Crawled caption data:
◇ ◇ ◇ ◇
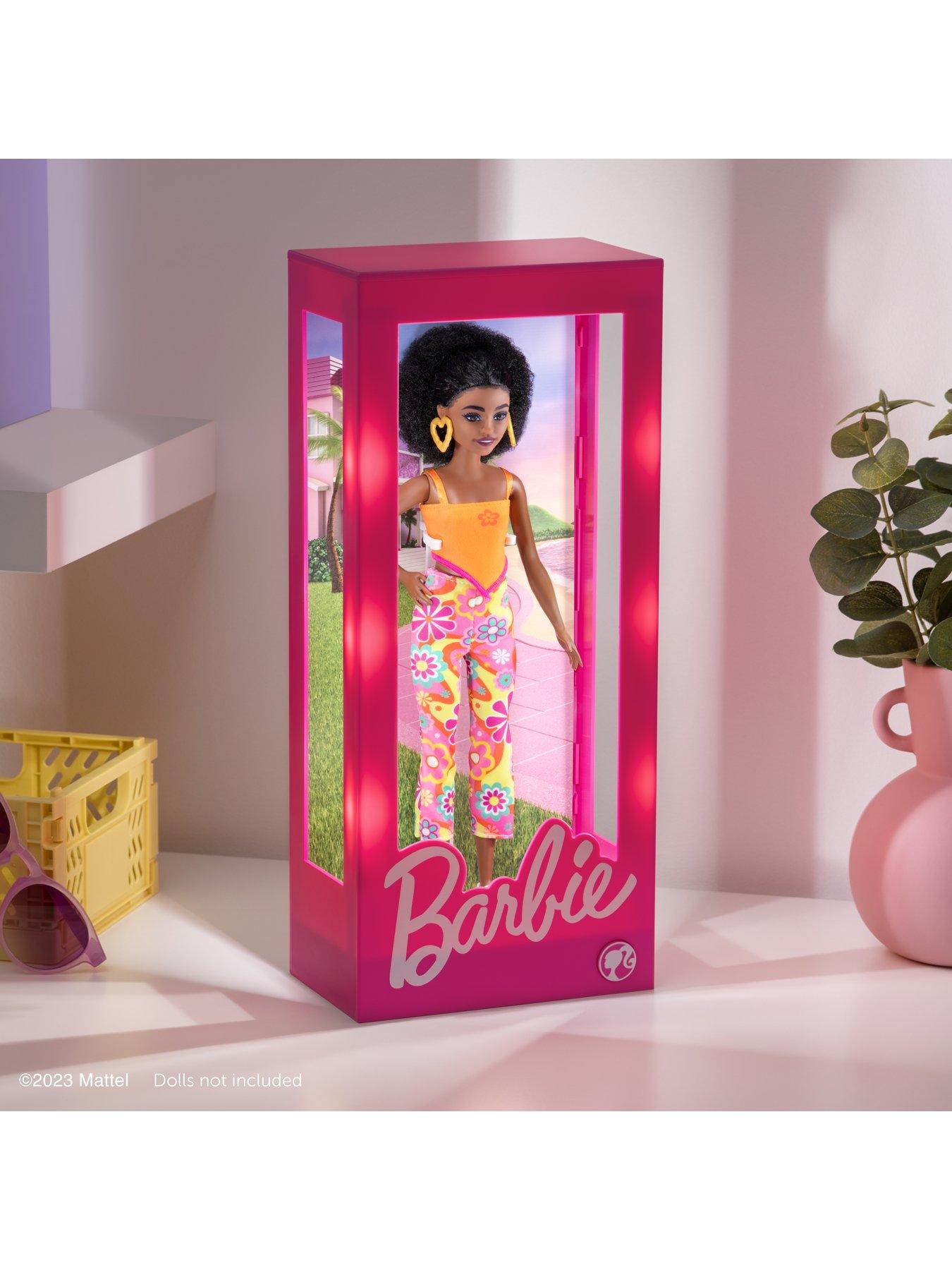 Barbie Doll Display Case Light 6283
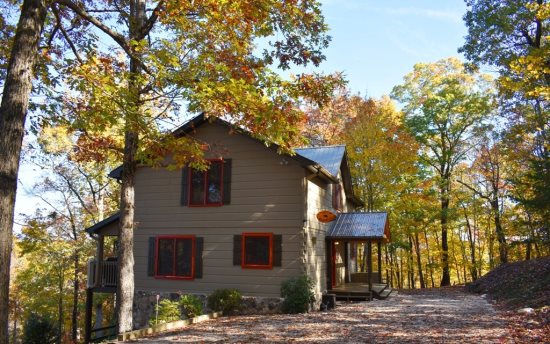 North Georgia Mountain View Vacation Rental Cabins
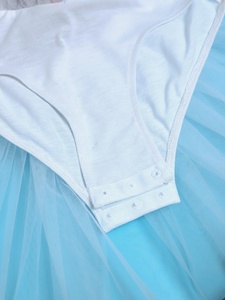Robes tutu bouffantes pour filles de 6 à 16 ans, costumes de danse latine, tenues pour le quotidien, les fêtes, les carnavals et les déguisements. - Product Image 3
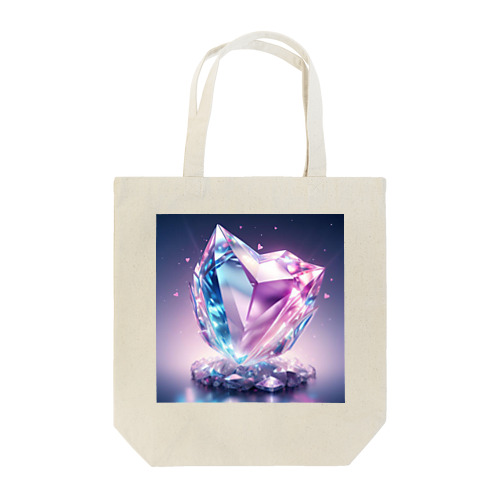 Valentine 水晶 Tote Bag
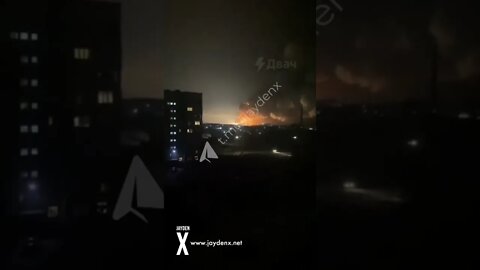 Kharkov now on fire #russia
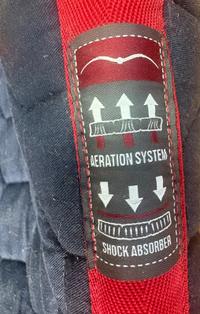 Animo Animo Wipper Jump Saddlepad — Good — Equi Consignment Ireland (view 9)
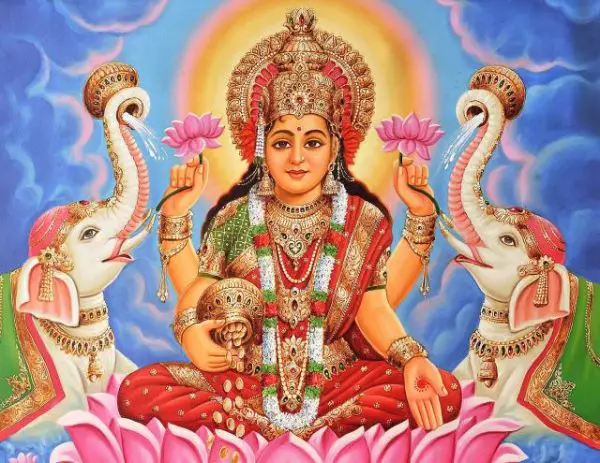 Goddess Laxmi - Laxmi Mantra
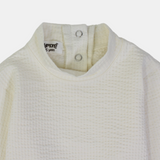 Unisex Baby Cotton Body – Offwhite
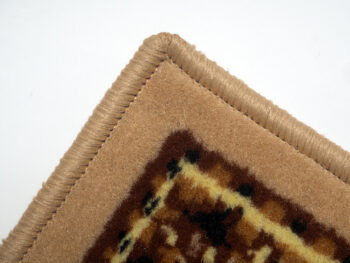 Spoltex, Kusový koberec Samira New Beige 12001-050, 160x225, béžová, chodba / predsieň
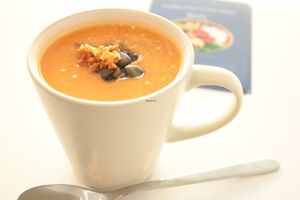 Our daily soup at NutCart in Berlin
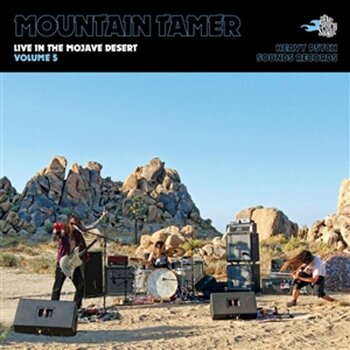 Vinylskiva Mountain Tamer - Live In The Mojave Desert (Limited Edition) (Pink Neon Coloured) (LP) - 1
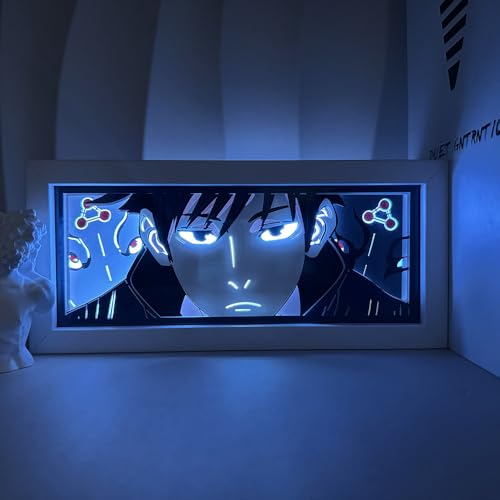Zhongkaihua JJK Gojo Satoru Ryomen Sukuna Fushiguro Megumi Anime Kreativität Papier Schnitzen Nachtlicht 16 Farben Fernbedienung Touch Nachtlicht Dekoration Geburtstagsgeschenk Zhongkaihua JJK Gojo Satoru Ryomen Sukuna Fushiguro Megumi Anime Kreativität Papier Schnitzen Nachtlicht 16 Farben Fernbedienung Touch Nachtlicht Dekoration Geburtstagsgeschenk von Zhongkaihua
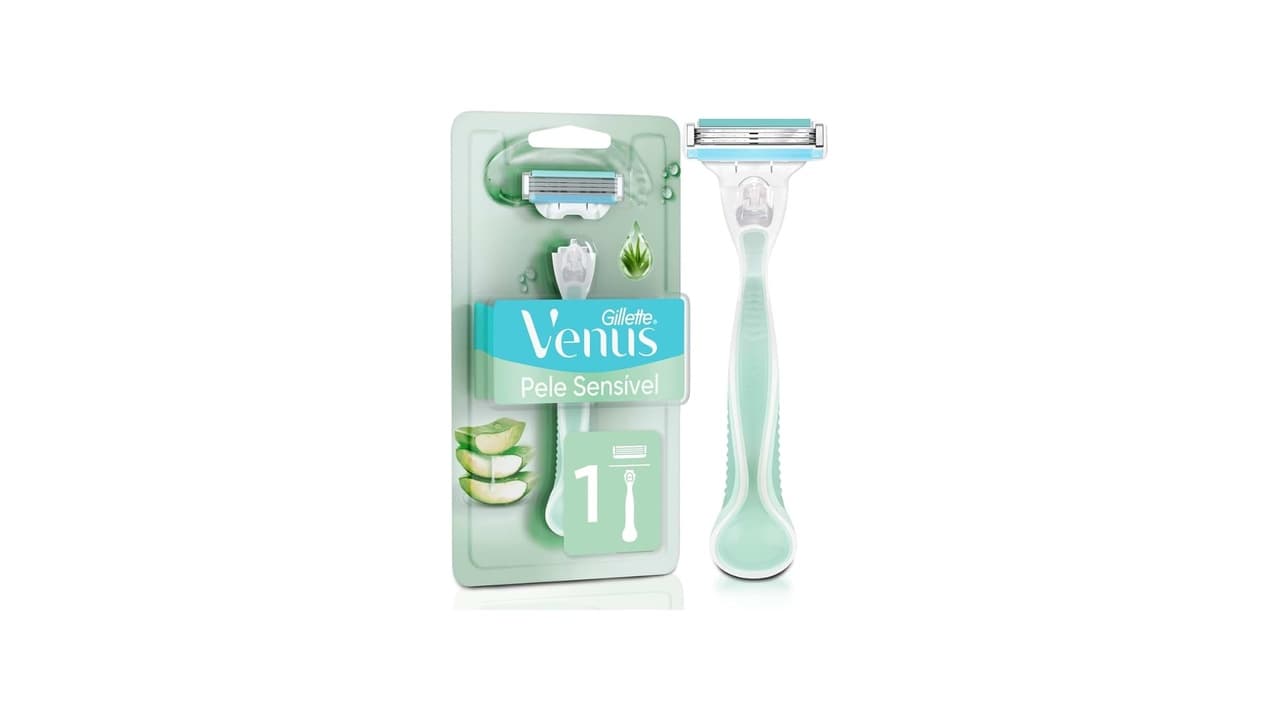 Melhor Gillette Feminina Venus para Pele Sensível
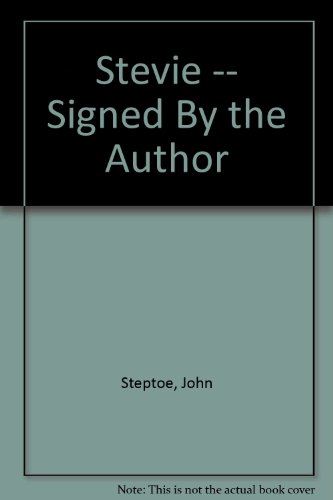 Stevie -- Signed By the Author B005APMGIY Book Cover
◇ ◇ ◇ ◇
WHAT TO PRODUCE: Using the records above, repeat exactly the run of lines that starts with the line with "Animo Animo Wipper" and goes on through the line with "Vinylskiva Mountain Tamer"; omit each picture.

ANSWER AREA:
 Animo Animo Wipper Jump Saddlepad — Good — Equi Consignment Ireland (view 9)
 Goddess Laxmi - Laxmi Mantra
 Unisex Baby Cotton Body – Offwhite
 Spoltex, Kusový koberec Samira New Beige 12001-050, 160x225, béžová, chodba / predsieň
 Our daily soup at NutCart in Berlin
 Vinylskiva Mountain Tamer - Live In The Mojave Desert (Limited Edition) (Pink Neon Coloured) (LP) - 1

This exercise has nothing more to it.